Output the lines of the records below exactly, beginning at their first line and ending at the line with "Nauczyciele nagrodzeni przez"; include no pictures.

—————

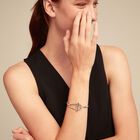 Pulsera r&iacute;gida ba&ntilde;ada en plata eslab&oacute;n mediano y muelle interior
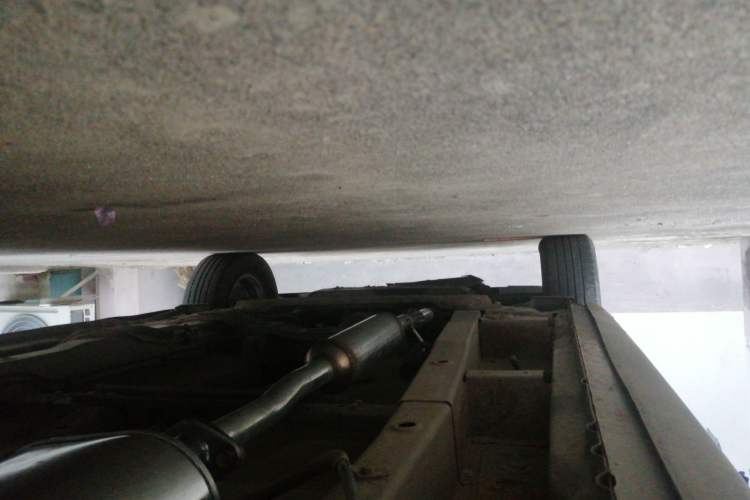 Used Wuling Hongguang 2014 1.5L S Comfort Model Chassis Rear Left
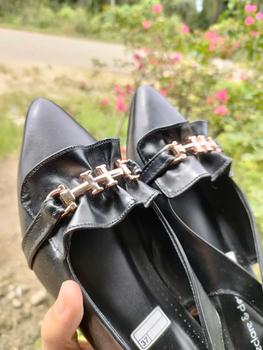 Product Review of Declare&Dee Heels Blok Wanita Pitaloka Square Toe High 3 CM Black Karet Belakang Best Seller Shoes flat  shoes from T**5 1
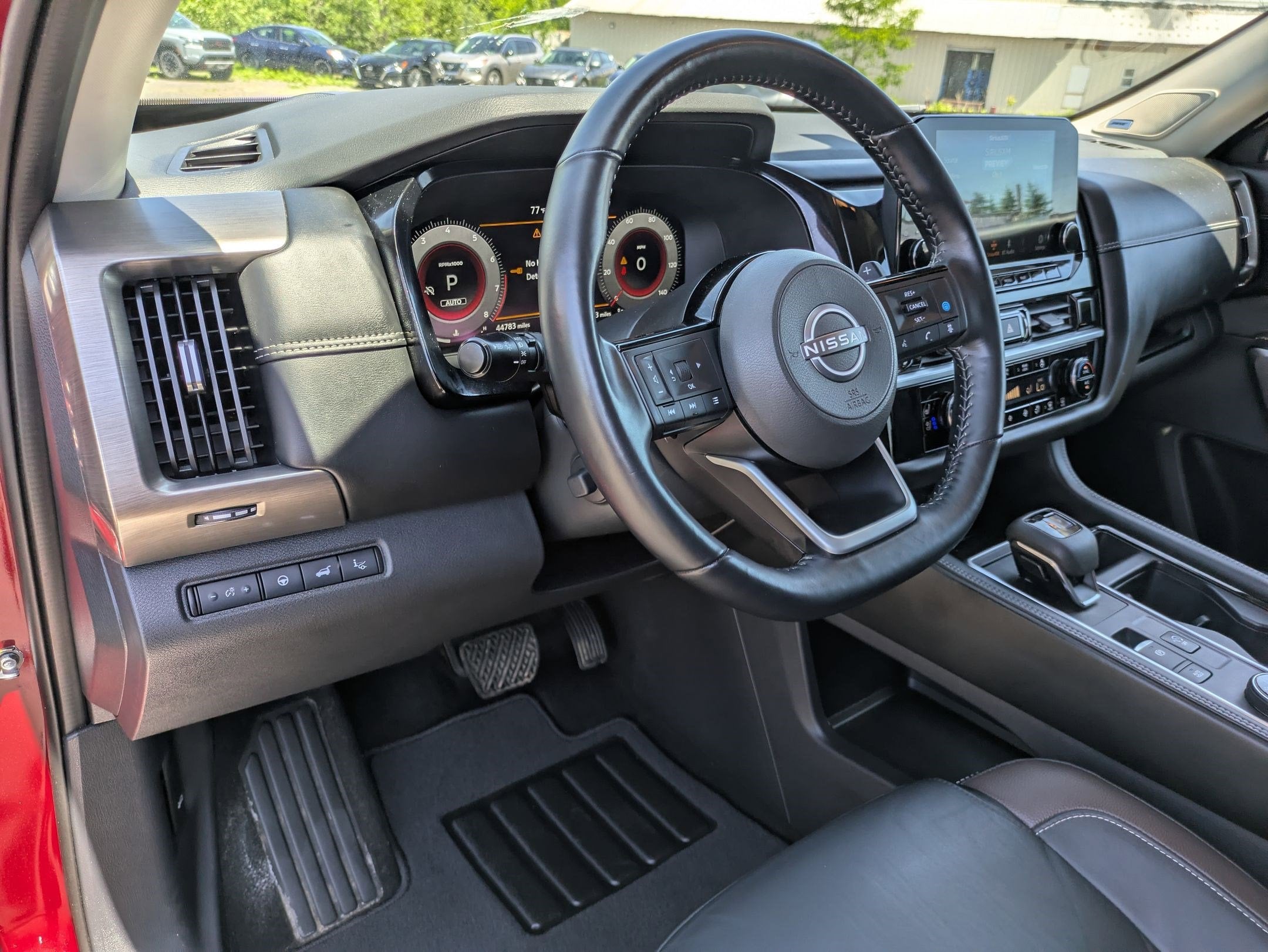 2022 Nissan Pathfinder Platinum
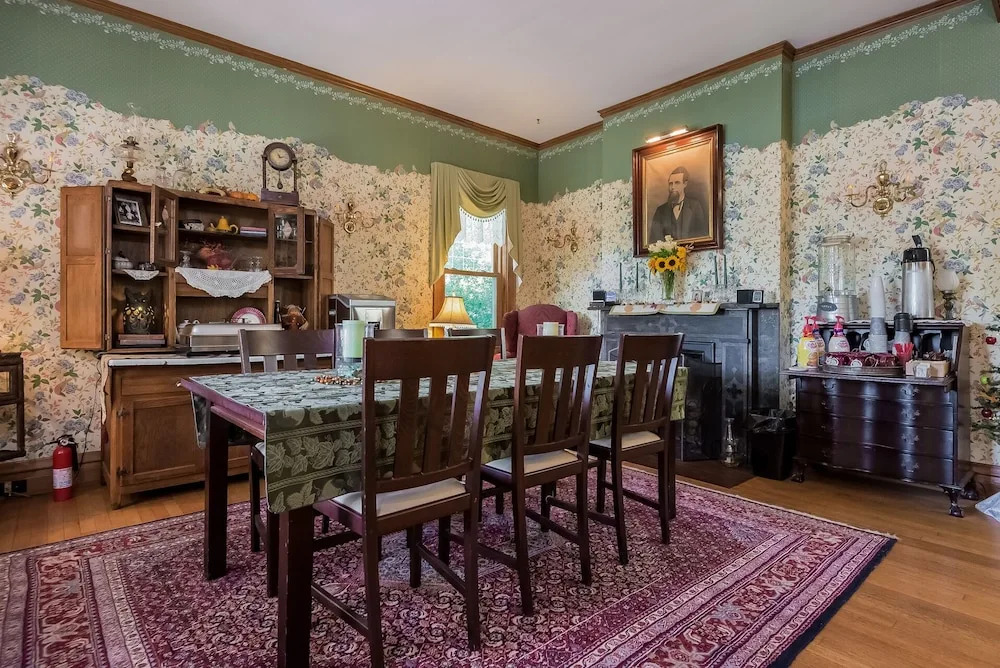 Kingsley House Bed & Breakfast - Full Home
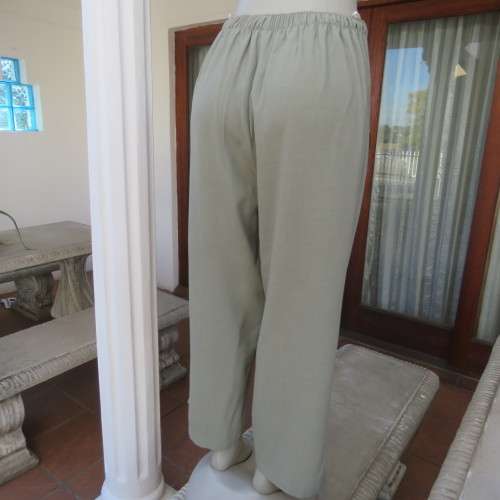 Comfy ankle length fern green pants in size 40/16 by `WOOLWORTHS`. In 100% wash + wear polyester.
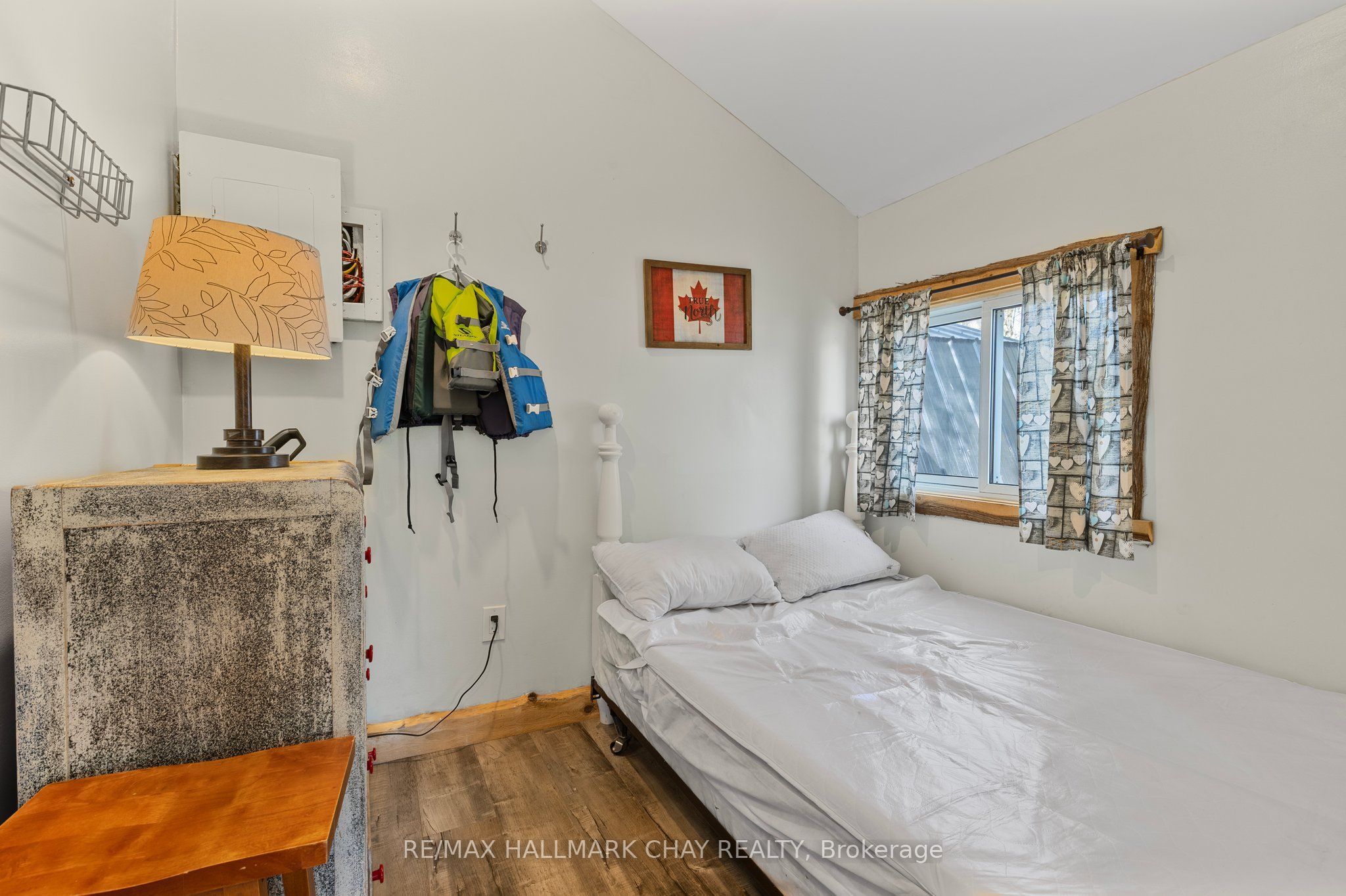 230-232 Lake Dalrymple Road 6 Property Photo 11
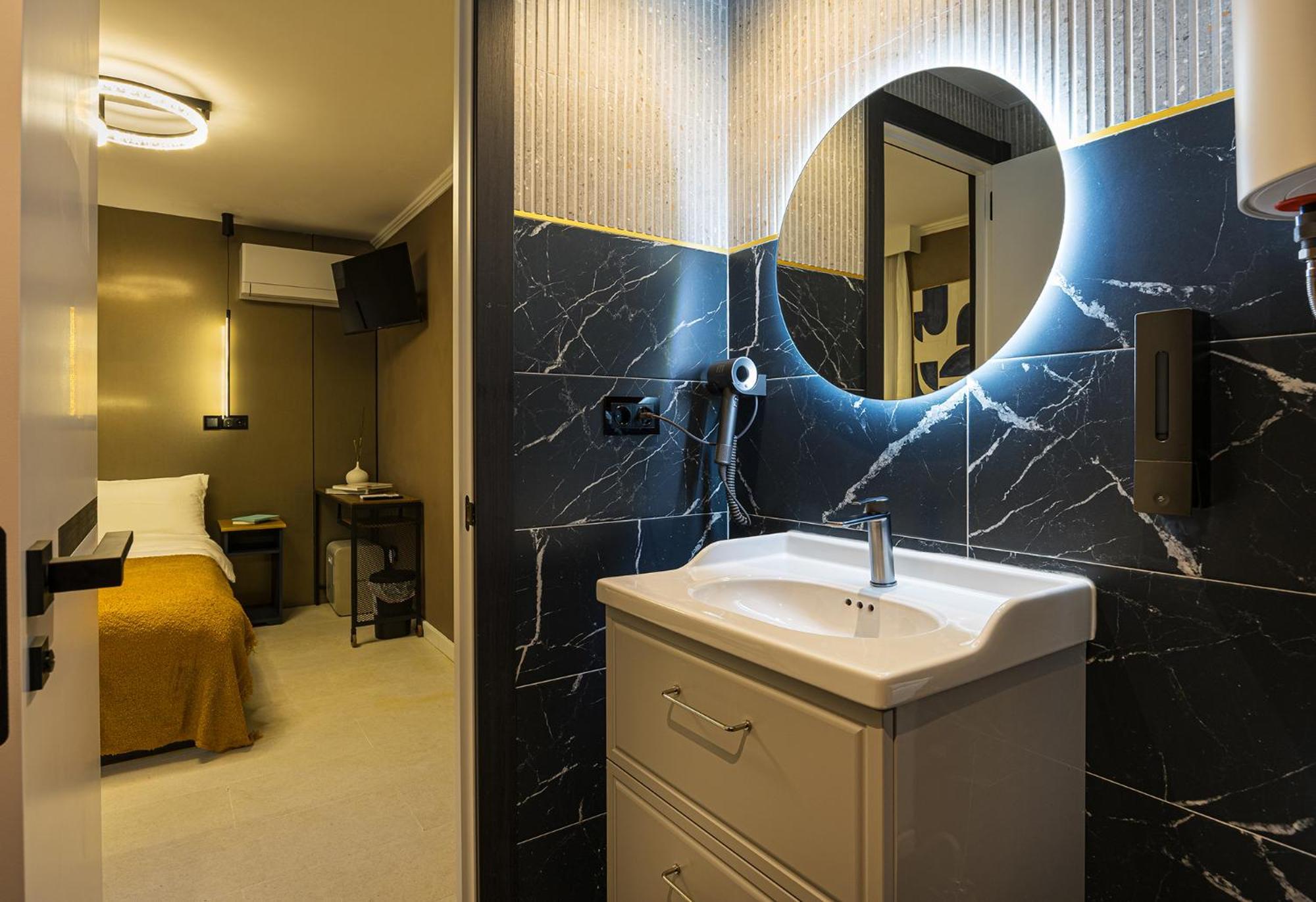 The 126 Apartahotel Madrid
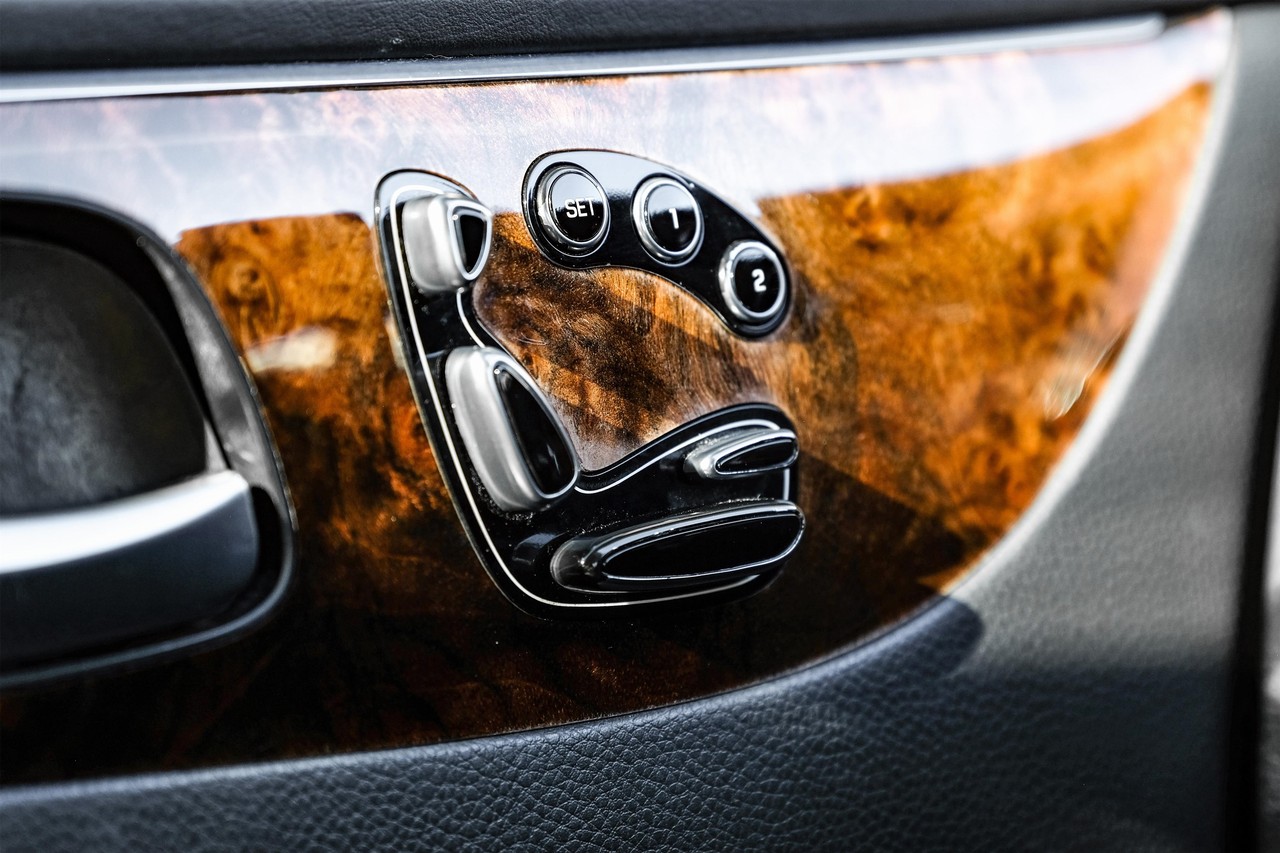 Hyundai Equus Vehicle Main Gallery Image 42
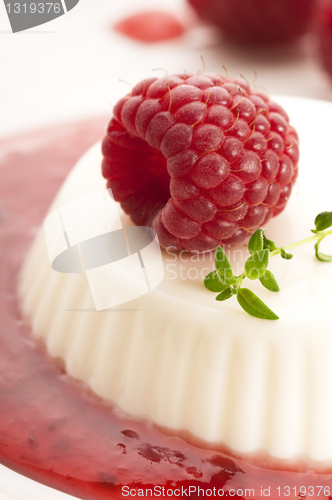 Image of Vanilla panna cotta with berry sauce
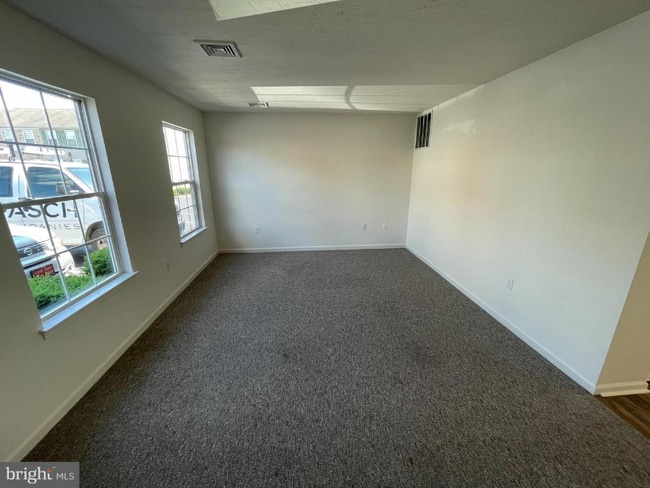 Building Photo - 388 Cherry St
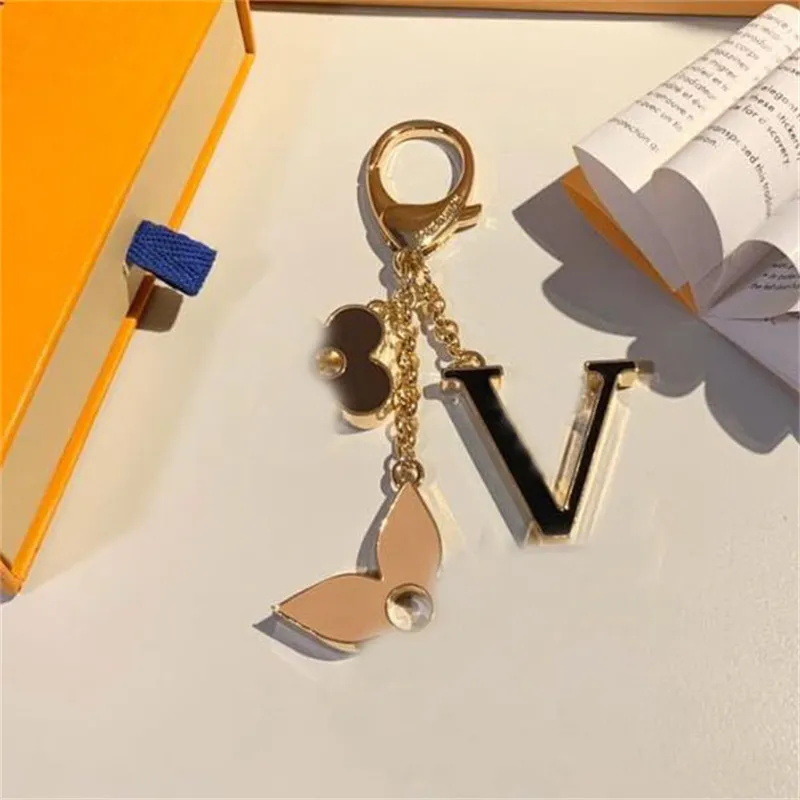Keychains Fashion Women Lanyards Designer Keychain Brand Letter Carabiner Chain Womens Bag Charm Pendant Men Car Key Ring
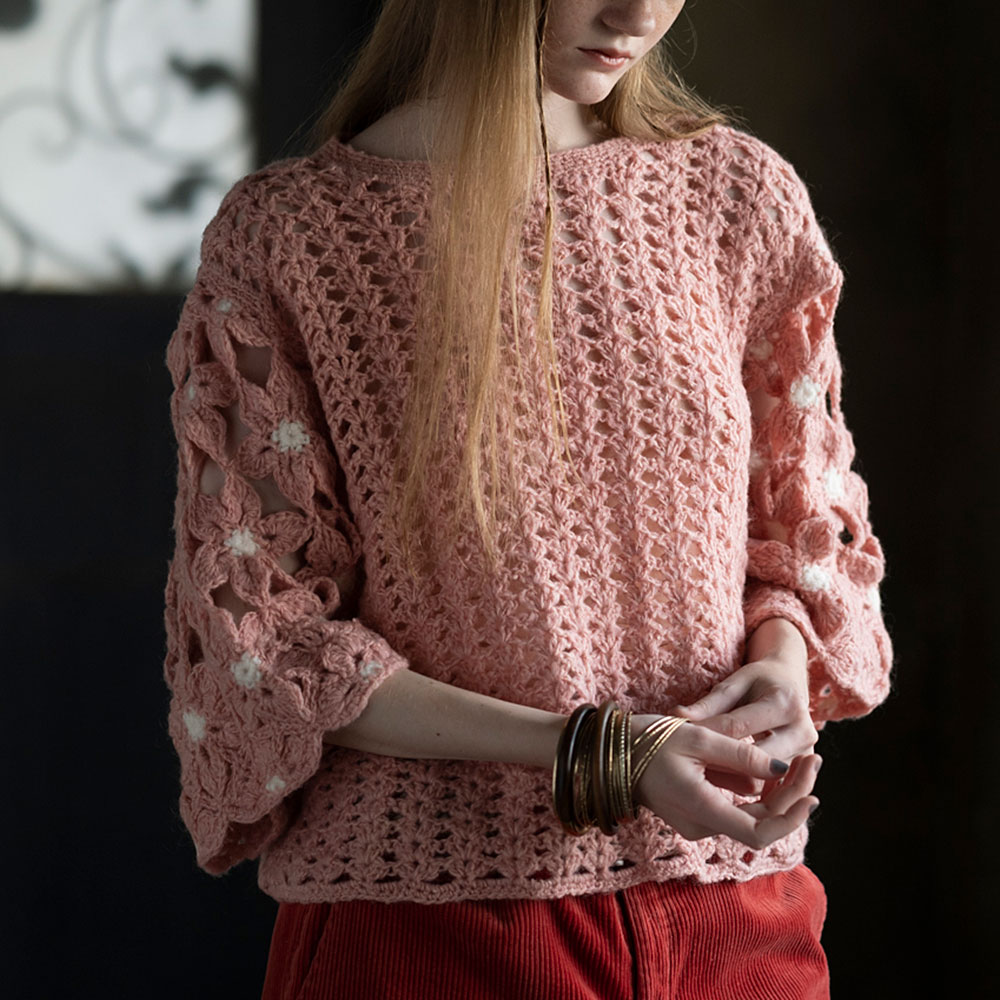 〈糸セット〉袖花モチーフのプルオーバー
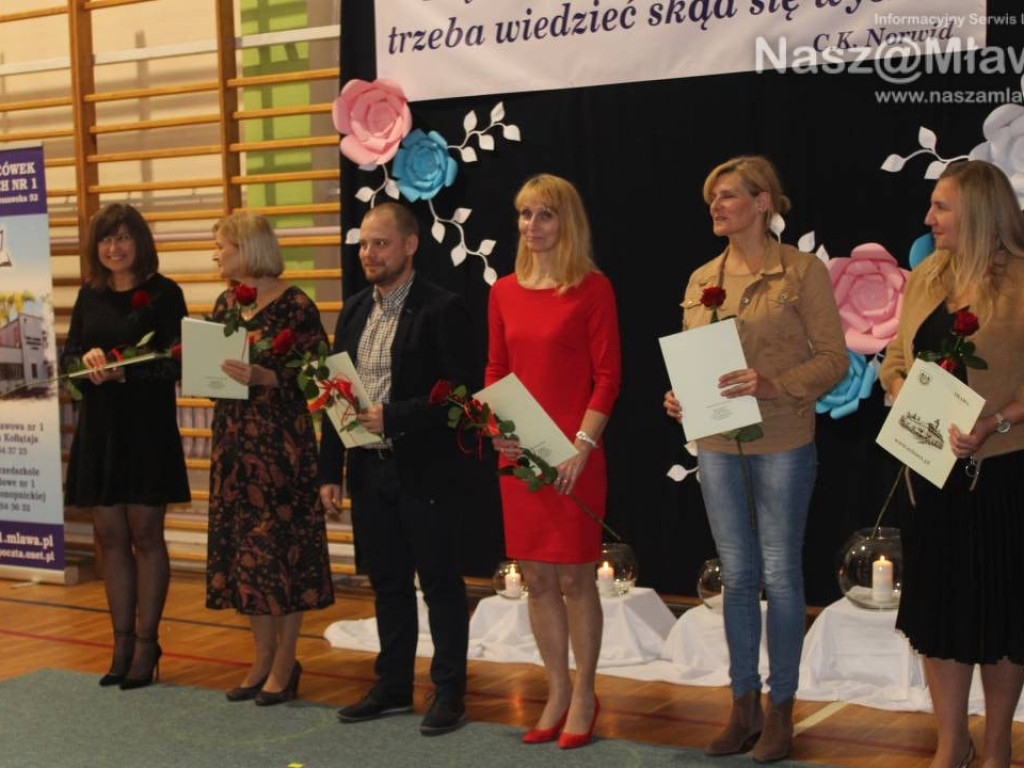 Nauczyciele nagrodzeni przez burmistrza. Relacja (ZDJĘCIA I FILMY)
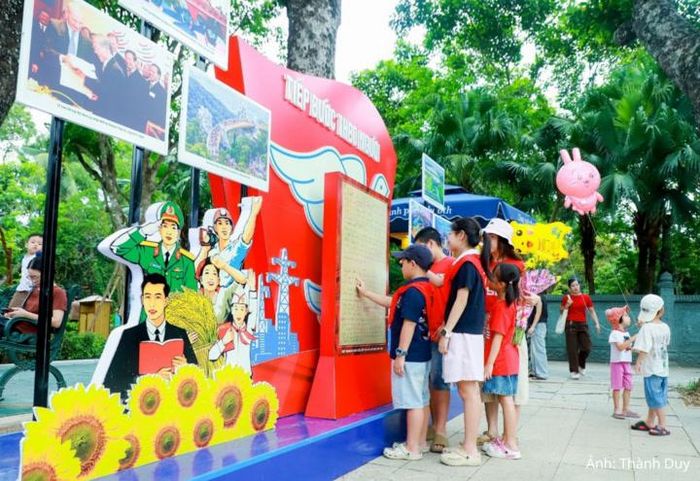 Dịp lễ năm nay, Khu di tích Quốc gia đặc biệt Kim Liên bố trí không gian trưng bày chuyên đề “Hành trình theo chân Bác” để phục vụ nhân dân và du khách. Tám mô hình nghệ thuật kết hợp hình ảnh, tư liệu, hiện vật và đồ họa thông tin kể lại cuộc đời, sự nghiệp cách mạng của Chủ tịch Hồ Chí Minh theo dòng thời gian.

—————

Solution for this problem
 Pulsera r&iacute;gida ba&ntilde;ada en plata eslab&oacute;n mediano y muelle interior
 Used Wuling Hongguang 2014 1.5L S Comfort Model Chassis Rear Left
 Product Review of Declare&Dee Heels Blok Wanita Pitaloka Square Toe High 3 CM Black Karet Belakang Best Seller Shoes flat  shoes from T**5 1
 2022 Nissan Pathfinder Platinum
 Kingsley House Bed & Breakfast - Full Home
 Comfy ankle length fern green pants in size 40/16 by `WOOLWORTHS`. In 100% wash + wear polyester.
 230-232 Lake Dalrymple Road 6 Property Photo 11
 The 126 Apartahotel Madrid
 Hyundai Equus Vehicle Main Gallery Image 42
 Image of Vanilla panna cotta with berry sauce
 Building Photo - 388 Cherry St
Keychains Fashion Women Lanyards Designer Keychain Brand Letter Carabiner Chain Womens Bag Charm Pendant Men Car Key Ring
 〈糸セット〉袖花モチーフのプルオーバー
 Nauczyciele nagrodzeni przez burmistrza. Relacja (ZDJĘCIA I FILMY)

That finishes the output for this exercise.